There are very few products made in Alaska from lumber produced in state. That’s despite an ongoing battle over how the Tongass National Forest should be managed.
While timber sales have declined for decades, there are some new initiatives on the table now that could open up more logging.
But one Sitka craftsman doesn’t want that to happen. He’s content using dead old growth, and he makes his living creating bowls from the Tongass without cutting down living trees.
Zach LaPerriere has heard some surprising comments about the wooden bowls he sells at markets.
People reach out to touch them, admiring the detail of an exposed scar and the smooth curves.
“Some would say even sensual,” LaPerriere said with a chuckle. “They’re not my words.
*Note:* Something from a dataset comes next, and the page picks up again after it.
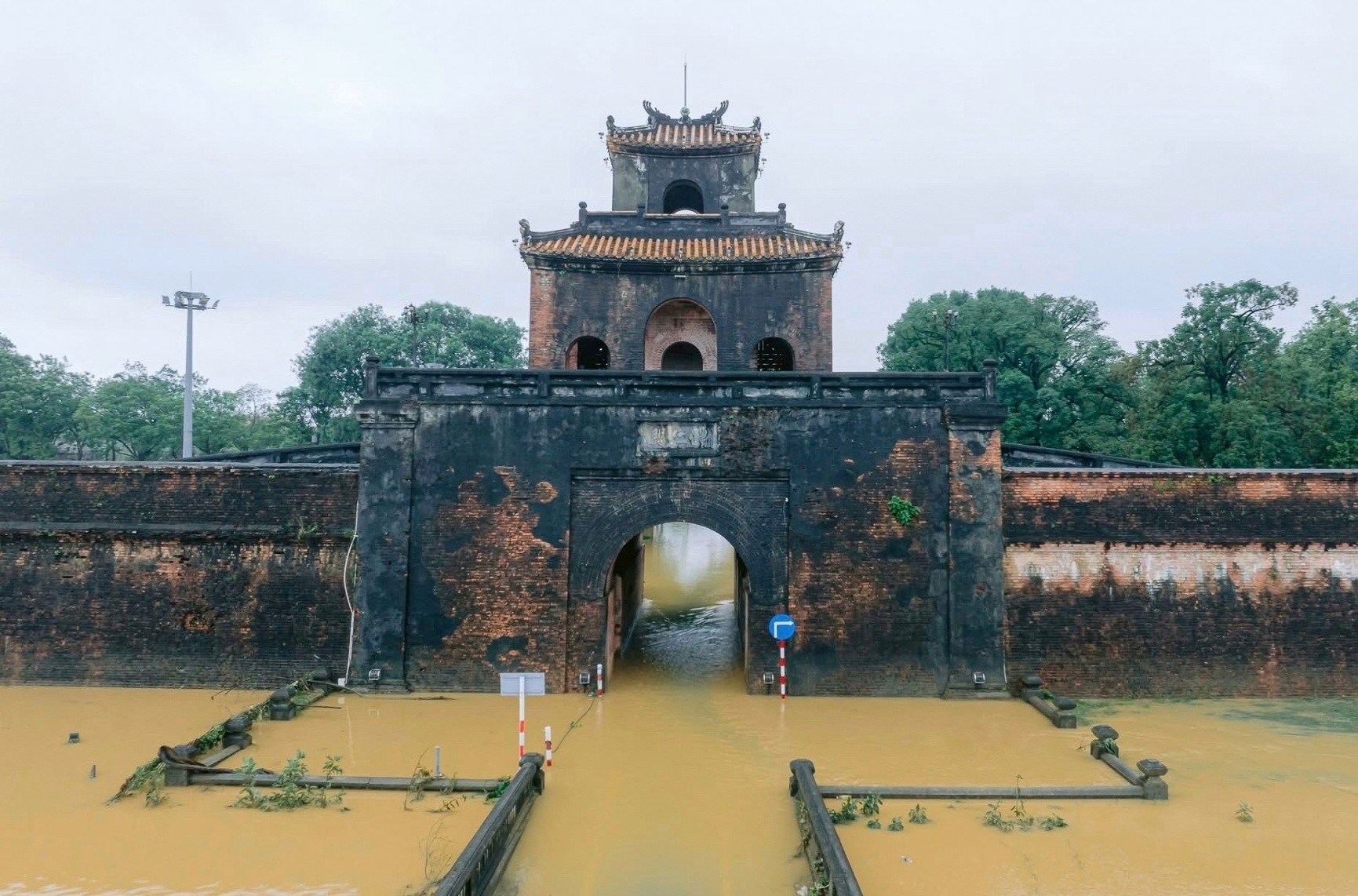 hue sau tran lut anh 14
I’m just repeating them. I’ve think I’ve heard even more racy words than that.”
LaPerriere makes his bowls in an open-air workshop below his cabin, overlooking the water.
Before his creations made customers blush, he was employed as a carpenter.
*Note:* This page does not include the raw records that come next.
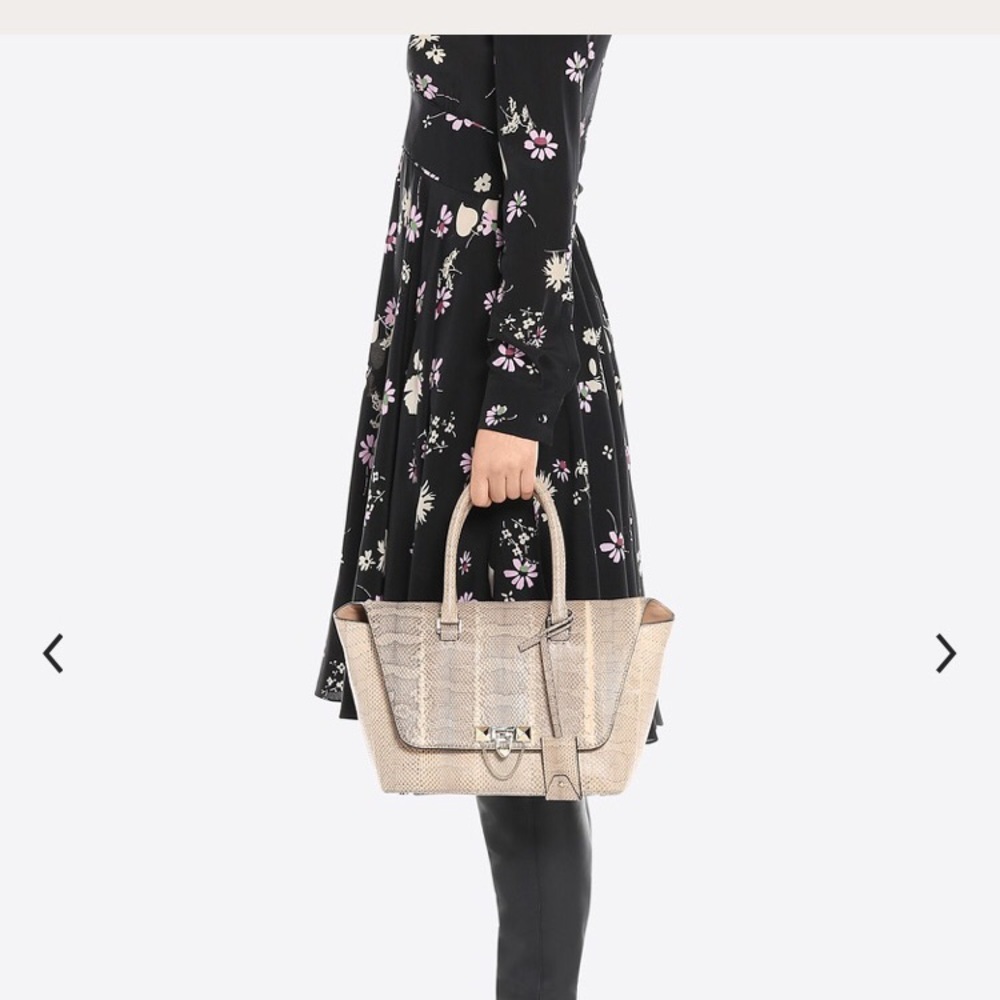 SOLD Valentino Rockstud Demilune - Picture 7 of 8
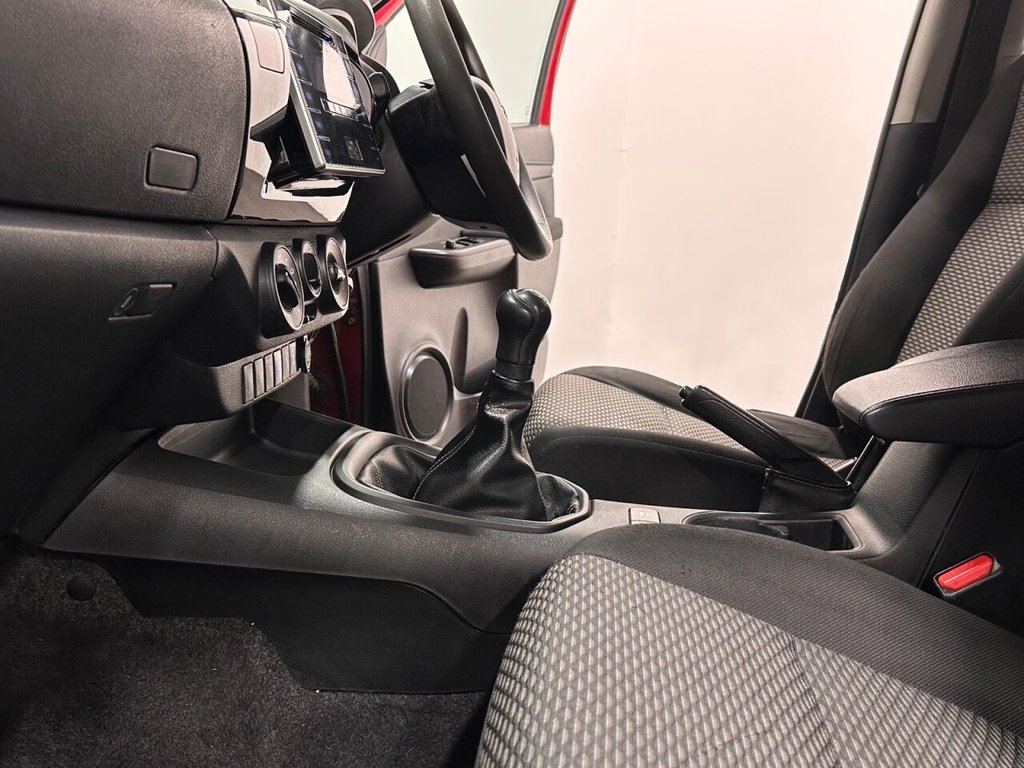 Used Toyota Hilux 2018 for sale - 77534717: Photo 18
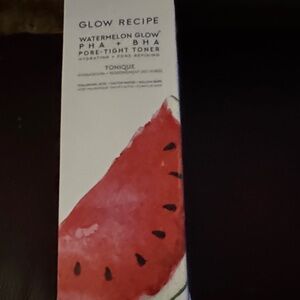 Glow Recipe Watermelon Glow PHA + BHA Toner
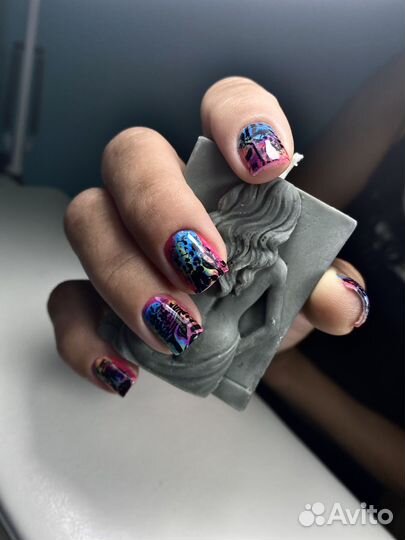 Наращивание ногтей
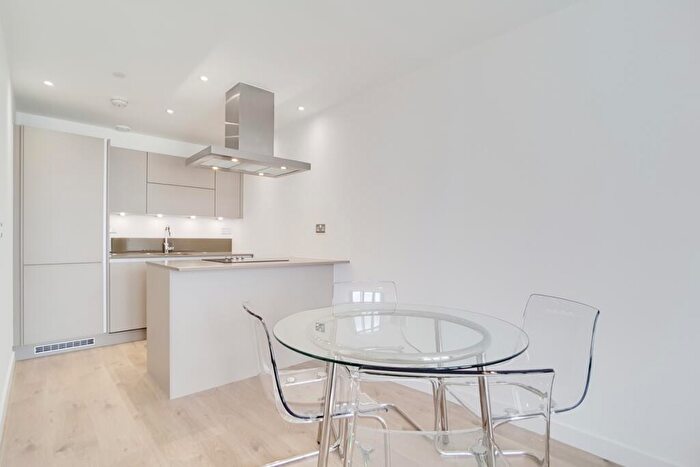 1 Bedroom Apartment To Rent In Stratosphere Tower, E15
But he said those skills didn’t necessarily translate when he took up professional woodturning five years ago.
“It really took me a year to become even mildly proficient,” he said.
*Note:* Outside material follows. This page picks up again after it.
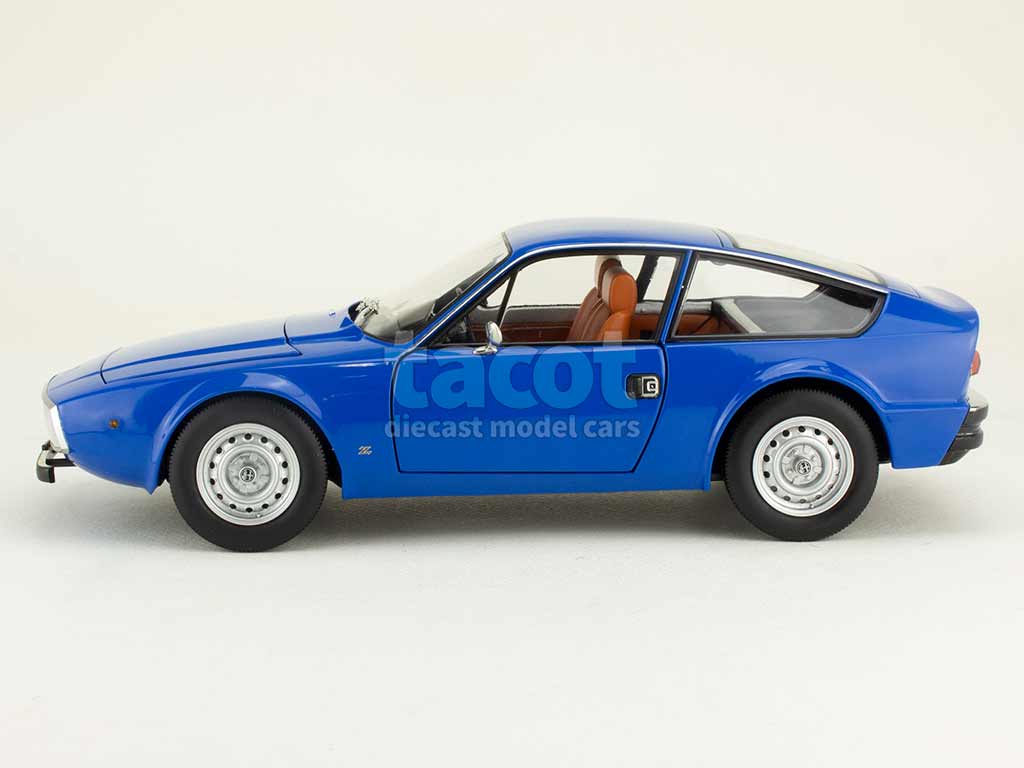 108381 Alfa Romeo Giulia GT 1300 Junior Zagato 1969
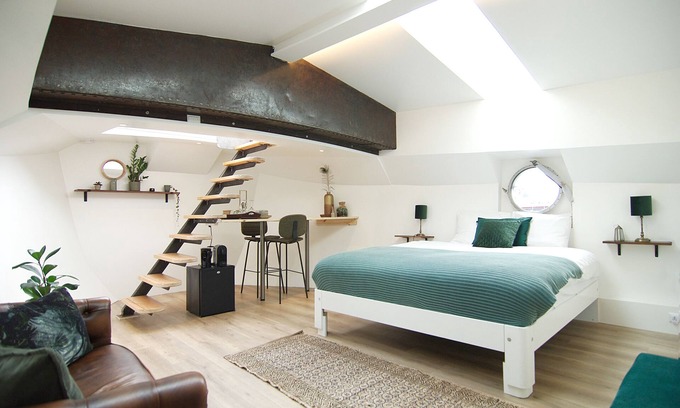 Spaarndammer en Zeeheldenbuurt Boat Rental | Bright & Spacious Studio @ eco houseboat!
For starters, the wood is spinning.
While shaping a gnarly chunk of alder into a bowl with a sharp tool, LaPerriere had to think in three dimensions. He spotted a scar that looked like pair of lips, and ribbons of alder went flying.
“I have to walk that line between being efficient and being creative,” he said.
In Southeast Alaska, not many people do this kind of work for a living. There are plenty of hobbyists, but LaPerriere is spending a thousand hours a year creating wooden bowls. He helps support a family of five this way.
Though one of his bowls can fetch up to $1,500, he admitted it’s not always a lucrative business.
Still, LaPerriere said taking this huge career leap aligned with his values.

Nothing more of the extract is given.